When you reach the line containing "watching-tv-1920x1200" in the entries below, please begin setting down lines exactly, stop only after the last one, and add nothing else.
*** Data supplied Section Begins ***
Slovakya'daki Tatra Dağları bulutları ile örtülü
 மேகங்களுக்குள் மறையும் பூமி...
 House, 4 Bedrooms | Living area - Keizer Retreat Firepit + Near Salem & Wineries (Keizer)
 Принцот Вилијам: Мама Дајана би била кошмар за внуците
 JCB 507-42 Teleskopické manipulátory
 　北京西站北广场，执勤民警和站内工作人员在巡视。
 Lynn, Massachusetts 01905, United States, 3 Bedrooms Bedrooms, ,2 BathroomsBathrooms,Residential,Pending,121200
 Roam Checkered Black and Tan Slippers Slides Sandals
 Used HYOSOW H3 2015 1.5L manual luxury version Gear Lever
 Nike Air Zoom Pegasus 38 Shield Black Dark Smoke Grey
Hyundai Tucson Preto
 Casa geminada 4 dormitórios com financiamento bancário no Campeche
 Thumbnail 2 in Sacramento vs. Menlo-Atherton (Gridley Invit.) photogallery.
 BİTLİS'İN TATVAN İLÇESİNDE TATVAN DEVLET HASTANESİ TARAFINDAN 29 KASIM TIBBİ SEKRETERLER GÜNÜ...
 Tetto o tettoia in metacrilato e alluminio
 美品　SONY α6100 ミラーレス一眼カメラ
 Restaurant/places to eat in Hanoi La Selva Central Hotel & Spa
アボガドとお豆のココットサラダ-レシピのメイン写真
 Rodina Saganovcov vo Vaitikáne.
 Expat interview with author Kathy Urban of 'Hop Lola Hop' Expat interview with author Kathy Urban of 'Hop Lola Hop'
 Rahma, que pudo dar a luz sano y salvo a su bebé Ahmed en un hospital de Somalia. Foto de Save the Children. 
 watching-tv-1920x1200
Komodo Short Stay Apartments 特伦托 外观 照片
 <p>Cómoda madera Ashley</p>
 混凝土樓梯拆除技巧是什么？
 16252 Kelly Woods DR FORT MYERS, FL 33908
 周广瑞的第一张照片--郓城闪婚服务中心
*** Data supplied Section Ends ***
■ **The completed task**:
 watching-tv-1920x1200
Komodo Short Stay Apartments 特伦托 外观 照片
 <p>Cómoda madera Ashley</p>
 混凝土樓梯拆除技巧是什么？
 16252 Kelly Woods DR FORT MYERS, FL 33908
 周广瑞的第一张照片--郓城闪婚服务中心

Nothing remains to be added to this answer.